What do We Know About the Origin of Birds?

· January 18, 2019
Do you want to learn about where birds came from and how they started flying? Well buckle your seatbelt, we're going all the way back to the dinosaurs!

The origin of birds and their evolution is one of the biggest mysteries for paleontologists and biologists. Want to learn what we know at the moment?

The origin of birds

There is some consensus: many scientists believe that birds evolved from dinosaurs. More specifically, they are thought to come from the coelurosaurs, a family of dinosaurs that included species like the famous velociraptor. 
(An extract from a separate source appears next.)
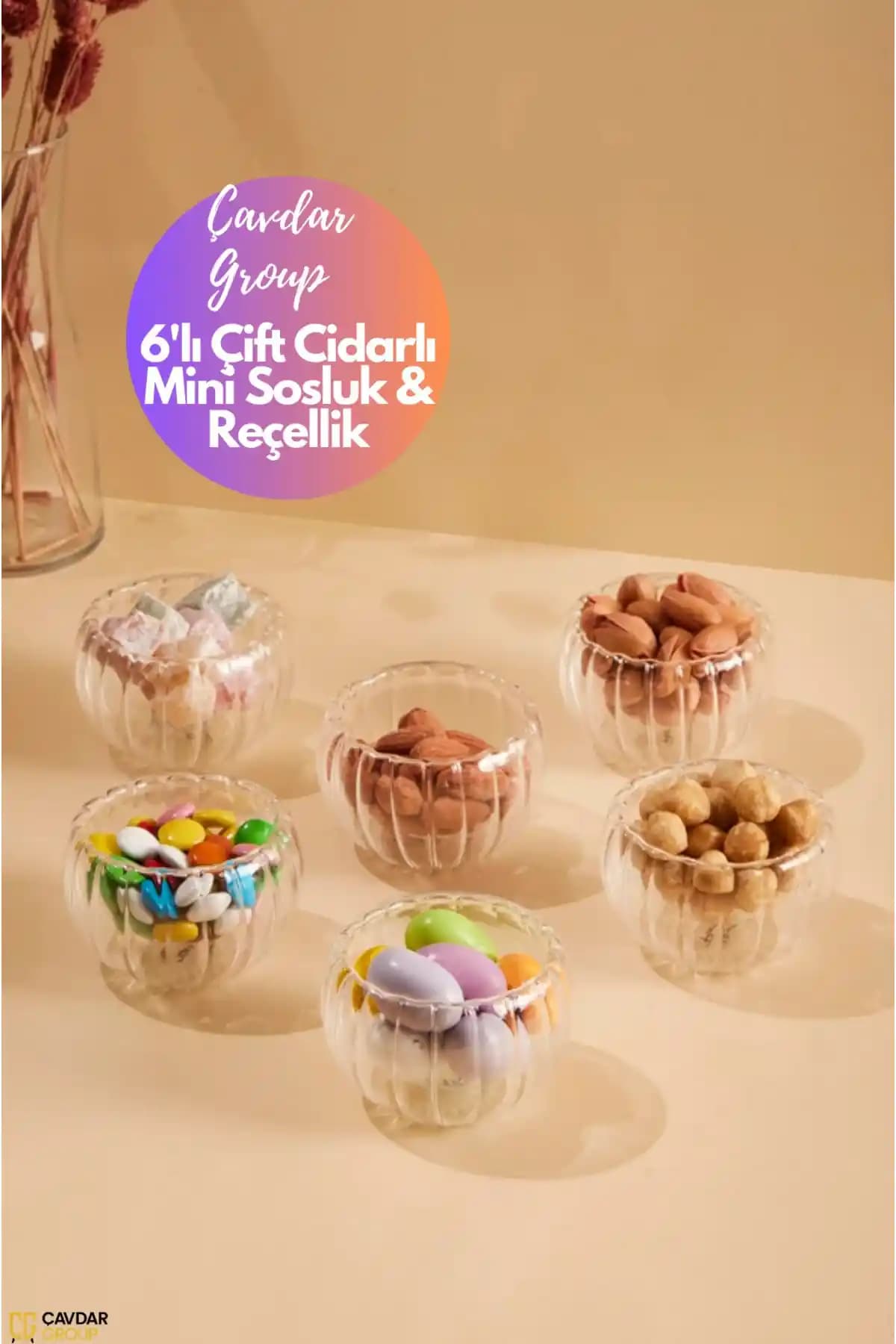 Çavdar Group 6'lı Çift Cidarlı Çizgili Mini Sosluk ve Reçellik Seti Detaylı İnceleme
As far as we can tell, the link between birds and dinosaurs was the pterodactyl, or archaeopteryx, which were like a cross between the birds we see nowadays and feathered dinosaurs. It had large feathers, razor sharp teeth, and was able to fly.
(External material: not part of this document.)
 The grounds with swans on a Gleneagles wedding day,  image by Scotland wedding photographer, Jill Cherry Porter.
The study of the origin of birds first started around the time of Darwin. One year after he published On the Origin of Species, researchers discovered the first fossilized feather. That was the starting point for all kinds of theories and potential links in the evolution of birds.

A flock of starlings flying.

How are birds similar to dinosaurs?

One big similarity between birds and dinosaurs are their feathers. Even though many had simple, hairlike feathers, there were also some dinosaurs with feathers almost as complex as birds’. 

But there’s an even bigger similarity between them: their bone structures. There are some clear parallels in their skeletons, especially the wishbone and breastbone, both very important for birds.

Even dinosaurs’ lungs had similar air sacks to the ones we see in birds. Some scientists think dinosaurs also slept in a similar way to birds, putting their head under their limbs to keep it warm.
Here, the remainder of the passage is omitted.